The goal of this project is to isolate inhibitors of apoptosis that can activate autophagy. Apoptosis has been implicated in a wide array of human inflammatory and degenerative diseases. However, after more than 30 years of research, the field failed to deliver a target that can be pharmacologically manipulated to inhibit apoptosis, as direct inhibition of caspases leads to necroptosis. Activating autophagy will support cell survival under stress condition.

2017 Pilot Grants

Developing CRISPR-Cas9 Reagents for Editing Lytic and Latent Herpes Simplex Virus Genomes

Developing CRISPR-Cas9 Reagents for Editing Lytic and Latent Herpes Simplex Virus Genomes
Hyungsuk Oh and David Knipe

Herpes simplex virus (HSV) 1 and 2 cause significant morbidity and mortality, and HSV-2 infection increases the risk of HIV infection. Furthermore, HSV-1 infection is associated with increased risk of Alzheimer’s disease. HSV undergoes an acute lytic infection at the mucosal epithelium and spreads to establish a latent infection in sensory and central nervous system neurons for the life of the individual. Reactivation from latent infection is a major cause of herpetic disease. Drugs that target lytic infection are available, but drugs that target latent infection are not available. Thus, a therapeutic targeting HSV latent infection could reduce HSV latent infection and reactivation and the associated herpetic disease, Alzheimer’s disease, and AIDS.

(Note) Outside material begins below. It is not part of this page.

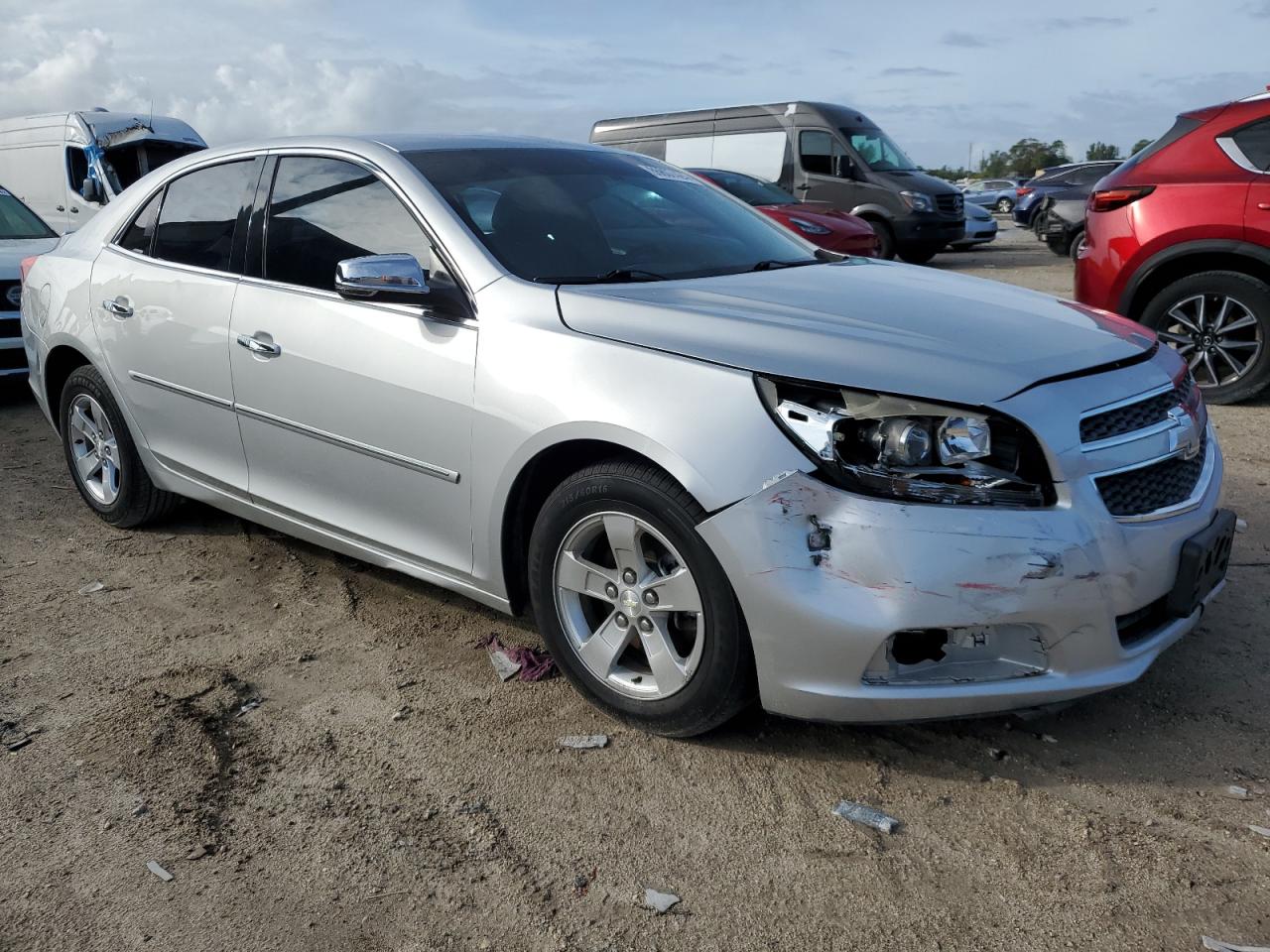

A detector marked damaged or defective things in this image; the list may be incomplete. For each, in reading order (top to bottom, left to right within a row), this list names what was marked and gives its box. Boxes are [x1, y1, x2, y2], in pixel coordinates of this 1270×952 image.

We have identified a highly active CRISPR-Cas9 reagent that effectively edits lytic and latent HSV-1 genomes in cell culture. Therefore, we propose experiments to further refine the use of this approach for prophylactic and therapeutic treatment of acute and latent HSV infection in animal models. Commercial entities have expressed interest in latent HSV targets, and there is obviously a large market and demand for a “cure” for herpes as well as preventatives for AIDS and Alzheimer’s disease.